Recommender systems are developed to help users in finding items that match their interests, needs, and preferences. Since the emergence of recommender systems, the majority of research in this area focused on improving predictive accuracy of recommendation. Much less attention has been paid to how users interact with the system and the efficacy of interface designs from users’ perspectives. The field has reached a point where it is necesary to look beyond algorithms, into users’ interactions,
decision making processes, and overall end user experience.

The IntRS workshop series focuses on the “human side” or recommender systems. Its goal is to integrate modern HCI approaches and theories of human decision making into the construction of recommender systems. It focuses particularly on the impact of interfaces on decision support and overall satisfaction. IntRS workshops have been previously held at RecSys 2016, 2017, and 2018.

The aim of the IntRS’19 workshop is to bring together researchers and practitioners exploring the topics of designing and evaluating novel intelligent interfaces for recommender systems in order to: (1) share research and techniques, including new design technologies and evaluation methodologies, (2) identify next key challenges in the area, and (3) identify emerging topics.

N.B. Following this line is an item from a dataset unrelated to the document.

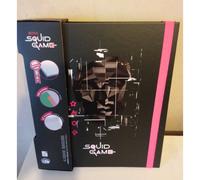 Classeur à Anneaux Squid Game Netflix - Format A4 avec Stickers et Bloc-Notes - Rose et Noir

This workshop aims at establishing an interdisciplinary community with a focus on the interface design issues for recommender systems and promoting the collaboration opportunities between researchers and practitioners. We particularly encourage demos and mock-ups of systems to be used as a basis of a lively and interactive discussion in the workshop. In our opinion, the workshop will complement the technical aspects mainly
discussed at the Conference with specific topics related to cognitive modeling and decision making.